Black Lives Matter, Beginning in the Womb

By Michael Brown Published on July 23, 2015

“Black lives matter!”

We have heard this chant in cities across America as protestors have drawn attention to acts of alleged police brutality against black Americans, including the fatal shooting of an unarmed black man in the back.

That chant needs to be amplified and expanded: “Black lives matter, beginning in the womb!”

We need to shout this out across the nation.

In 1939, Margaret Sanger, the founder of Planned Parenthood, wrote, “We don’t want the word to go out that we want to exterminate the Negro population.” (For an actual copy of her type-written letter, in full, go here.)

Speaking of the “Negro Project,” she wrote:

It seems to me from my experience in North Carolina, George, Tennessee, and Texas, that while the colored Negroes have great respect for white doctors they can get closer to their own members and more or less lay their cards on the table which means their ignorance, superstitions and doubts. We should hire three or four colored ministers, preferably with social-service backgrounds, and with engaging personalities. The most successful educational approach to the Negro is through a religious appeal. We don’t want the word to go out that we want to exterminate the Negro population, and the minister is the man who can straighten out that idea if it ever occurs to any of their more rebellious members.

As unspeakable and indefensible as this quote is, when I posted part of it on Facebook, a man named Isaiah commented, “That was in 1939. Why don’t you think for more than half a second before believing that the message hasn’t changed since then.”

Overlooking the personal insult, I replied, “How about the results today?” linking him to a 2104 article which documented that in New York City, more black babies were aborted than born in 2012. (Yes, you read that correctly: more black babies aborted than born.)

According to the article, in 2012, “there were more black babies killed by abortion (31,328) in New York City than were born there (24,758), and the black children killed comprised 42.4% of the total number of abortions in the Big Apple, according to a report by the New York City Department of Health and Mental Hygiene.”

Note also that the blacks make up roughly 25 percent of the city’s population, but that they made up more than 42 percent of the abortions, while nationwide, blacks make up roughly 13 percent of the population but account for more than 35 percent of all abortions.

It looks like Sanger’s strategy is working just fine, more than 75 years later.

That’s why websites exist devoted to stopping the “black genocide,” and that’s why documentaries like Maafa 21 have been made, documenting the oppression of African Americans from the slave trade until today (meaning, through rampant abortion).

And what are major black leaders like Rev. Jesse Jackson doing to stop this attack on their people?

They’re actually supporting it, not combatting it, with Jesse Jackson in particular being guilty of completely reversing his earlier, strongly pro-life position.

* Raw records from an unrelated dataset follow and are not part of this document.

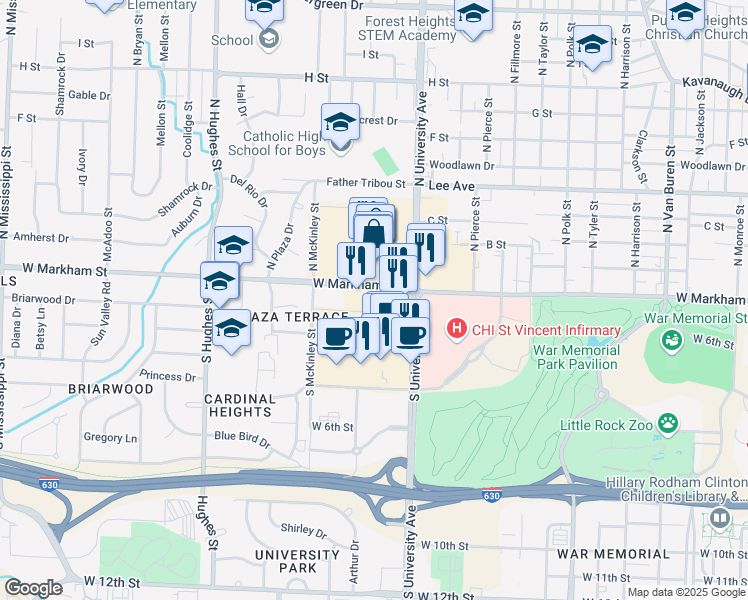 map of restaurants, bars, coffee shops, grocery stores, and more near 6115 West Markham Street in Little Rock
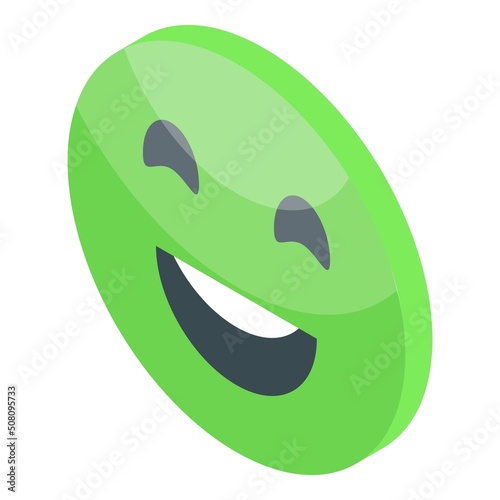 Green emoji satisfaction level icon isometric vector. Customer emoticon. Happy meter
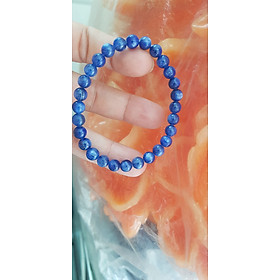 Vòng tay nữ đá kyanite tự nhiên hay đá Sapphire nước xanh dương Đậm bóng đẹp 6mm nữ mệnh Thủy mệnh Mộc đeo ạ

Someone recently related to me how a leader he knew said that years back, Jesse Jackson preached the greatest pro-life message he heard in his entire life.

Yes, this was the man who once said, “Abortion is genocide” — and those words were printed on the cover of Jet Magazine March 22, 1973.

Yet for years now, Rev. Jackson has been a pro-abortion champion, to the point that AbortionIntheHood.com claimed that “Jesse Jackson has BETRAYED the black race.”

And it was no less than Barack Obama, the first black president of our nation, who uttered those infamous words, “Thank you, Planned Parenthood. God bless you.”

It is true, of course, that all lives matter, and that means that black lives matter, and that means starting in the womb.

Thank God for the many godly black leaders, like Will Ford, who are crying for righteousness and standing up for black babies in their mother’s wombs.

May their voices be heard, and may the Lord awaken this nation to help us put an end to this black genocide, and may we have wisdom to address the many related issues of poverty and family life and education with compassion and courage.